BSPF - 20/08/2016
A partir de um projeto de lei apresentado pelo Poder
Executivo durante o primeiro ano de mandato do presidente Lula, o Congresso
aprovou a Lei 10.698/2003 que concedeu aumento de R$ 59,87 a todos “servidores
públicos federais dos Poderes Executivo, Legislativo e Judiciário da União, das
autarquias e fundações públicas federais, ocupantes de cargos efetivos ou
empregos públicos”.
Na exposição de motivos do projeto de lei, o governo federal
explicou a finalidade do aumento: “A presente proposta visa a reduzir a
distância entre os valores da menor e da maior remuneração, por intermédio da
instituição de vantagem pecuniária individual, no valor fixo de R$ 59,87, que,
por ser o mesmo para todos os níveis, classes, padrões e categorias existentes,
representará uma primeira aproximação entre esses valores”.

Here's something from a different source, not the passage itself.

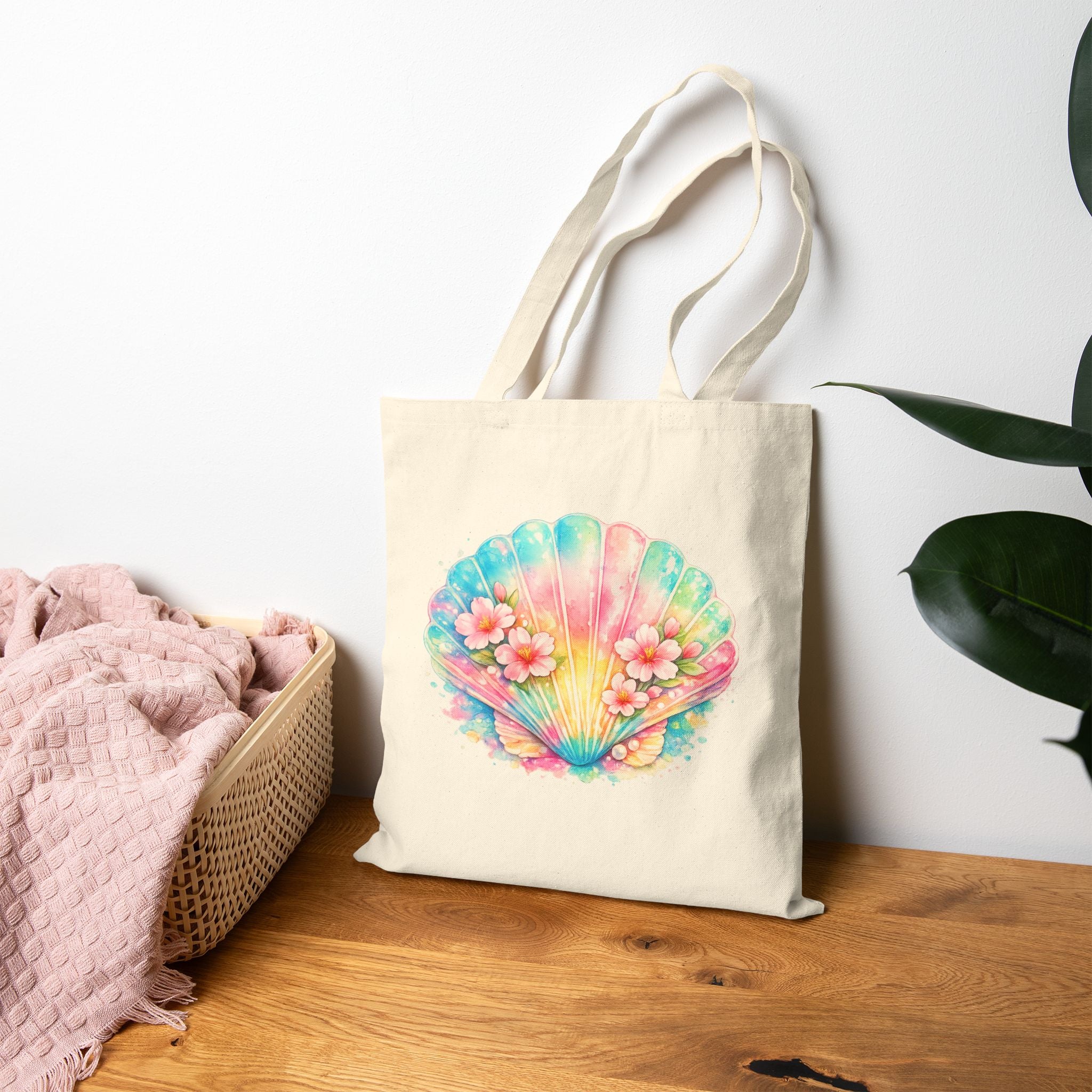 Pastel Seashell Floral Tote Bag | Coastal Beach Canvas Tote | Tropical Summer Aesthetic Bag | Cute Feminine Everyday Tote | Seashell Canvas Tote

Pois bem, o Executivo propôs e o Legislativo aprovou o
aumento de R$ 59,87 para os funcionários públicos da União. No entanto, o Poder
Judiciário não se conformou com a literalidade do texto e fez uma generosa
interpretação da lei, com desastrosas consequências para as contas públicas.
Vários órgãos do Poder Judiciário e do Ministério Público
ajuizaram ações nas quais se pedia um aumento além dos R$ 59,87. Segundo a
esperta argumentação apresentada, a concessão de um aumento de valor único para
todas as categorias de funcionários públicos feria o princípio da isonomia
salarial. Obviamente, os processos não pleiteavam o reconhecimento da alegada
inconstitucionalidade da lei para pedir a anulação do aumento.
Eles queriam
outra coisa, bem mais interessante a seus bolsos. Em respeito ao princípio da
isonomia, pediam que o valor de R$ 59,87 fosse aplicado apenas à categoria de
menor remuneração do serviço público e que às outras castas – pois é essa a
mentalidade que transparece nesse tipo de raciocínio – deveria ser dado um
aumento proporcional, e não apenas os míseros R$ 59,87.

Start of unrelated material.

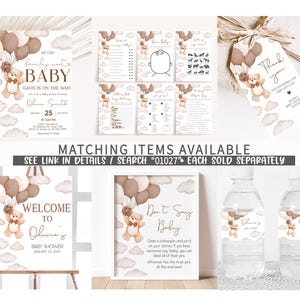 a set of baby shower items with a teddy bear theme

A engenhosa interpretação do princípio da isonomia gerava
logicamente uma multiplicação de valores. Nas petições, aquilo que era por lei
um aumento de R$ 59,87 passava a ser, em alguns casos, um reajuste de 13,23% do
salário.
O mais grave é que a criativa visão do princípio da isonomia
teve calorosa acolhida por vários juízes e tribunais, que concederam os
aumentos pleiteados. A boquinha – que a essa altura já não era apenas uma
boquinha, mas um presentão – foi concedida a servidores de vários órgãos do
Judiciário, como o Superior Tribunal de Justiça (STJ), Superior Tribunal
Militar (STM) e Tribunal Superior do Trabalho (TST).
Num primeiro momento, o Poder Executivo não tomou
conhecimento dessa multiplicação dos aumentos promovida pelo Judiciário. Soube
do desastre apenas quando o dinheiro começou a faltar e os órgãos começaram a
pedir crédito suplementar. Logicamente, a farra da isonomia tinha um alto preço
que não cabia no orçamento original.
As estimativas do impacto desses aumentos estão em torno de
R$ 2 bilhões, informa o jornal Valor. O cálculo foi feito tendo por base as
ações da Advocacia-Geral da União (AGU) protocoladas no Supremo Tribunal
Federal (STF) para barrar os reajustes concedidos aos servidores dos tribunais,
do Conselho Nacional do Ministério Público, do Conselho da Justiça Federal e da
Justiça Federal de 1.ª e 2.ª instâncias. Se todos os servidores reivindicassem
o mesmo benefício, o impacto anual seria superior a R$ 25 bilhões.
Felizmente, o STF vem rejeitando unanimemente a criativa
interpretação da isonomia e tem declarado inconstitucionais os reajustes
concedidos por órgãos do Poder Judiciário. Em alguns casos, como, por exemplo,
o dos servidores do TST, a Suprema Corte já concedeu medida liminar para
interromper o pagamento dos aumentos.
Num Estado Democrático de Direito não cabe transformar
isonomia em privilégio. Além de irresponsável com o dinheiro público, tal
alquimia é de uma despudorada perversidade.